Organizers announced an ambitious twelve-title competition section (“Crouching Tigers”) for first second and third films from around the world.
These include: “Amparo,” directed by Simón Mesa Soto (Colombia, Sweden, Qatar); “As Far As I Can Walk,” directed by Strahinja Banovic (Serbia, Luxembourg, France, Bulgaria, Lithuania); “Feathers,” directed by Omar El Zohairy (France, Egypt, The Netherlands, Greece); “Mama, I’m Home” (Mama, Ya Doma) directed by Vladimir Bitokov (Russia); “Pedro” directed by Natesh Hegde (India); “Playground” (Un Monde) directed by Laura Wandel (Belgium); “Prayers for the Stolen” (Noche de Fuego) directed by Tatiana Huezo (Mexico, Germany, Brazil, Qatar); “Rehana” (Rehana Maryam Noor) directed by Abdullah Mohammad Saad (Bangladesh, Singapore, Qatar); “The Tale of King Crab” (Re Granchio) directed by Alessio Rigo de Righi & Matteo Zoppis (Italy, Argentina, France); “What Do We See When We Look at the Sky?” (Ras vkhedavt, rodesac cas vukurebt) directed by Alexandre Koberidze (Germany, Georgia); “Whether the Weather Is Fine” (Kun Maupay Man It Panahon) directed by Carlo Francisco Manatad (Philippines, France, Singapore, Indonesia, Germany, Qatar) and “White Building” (Bodeng Sar) directed by Kavich Neang (Cambodia, France).

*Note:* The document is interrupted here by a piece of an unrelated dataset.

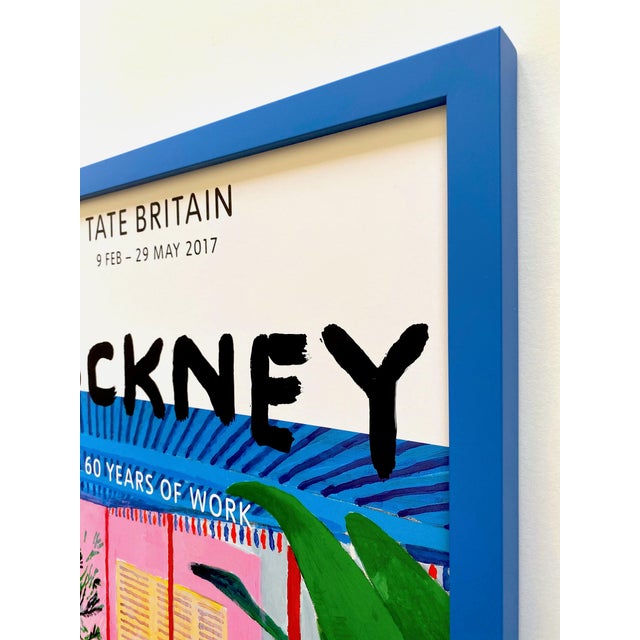 Detail David Hockney Tate Poster Nomer 11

The panorama of Chinese films (“Hidden Dragons”) by first-, second- or third-time directors includes: Na Jiazuo’s “Streetwise” (Gaey Wa’r) which debuted in Cannes; the world premiere of Dong Chunze’s “Minibus Driver”; the world premiere of Zheng Peike’s “Karma”; Wang Lin’s “Venus by Water”; Sun Liang’s “Lost in Summer”; the world premiere of Tu Men’s “The Last Post”; Jia Su’s “Grateful to Have You”; the world premiere of Yan Hai’s “Summer Sonatina”; Cannes film “Ripples of Life,” by Wei Shujun; and the world premiere of “Journey to the West” by Kong Dashan.
Operating an independent festival in China is a tall order, especially at a time when the government is cracking down on the entertainment sector and asserting the primacy of the Communist Party in every corner of Chinese life.
The PYIFF was launched by indie film icon Jia Zhangke five years ago in his native Shanxi province and has been closely associated with the pioneering Jia and former Locarno and Venice festival boss Marco Mueller.
During the 2020 festival’s final wrap press conference, Jia spectacularly announced that he was quitting and blamed local political interference.
In June this year, Jia said that he would, after all, be returning, albeit in the possibly fictitious role of chief experience office. Shanghai-based Mueller was to advise on the international selection.
The festival this year contains a sidebar called ‘Cinephile’ which is home to patriotic blockbuster films “The Battle at Lake Changjin” and “My Country, My Parents,” currently the two top-ranking films at the commercial box office.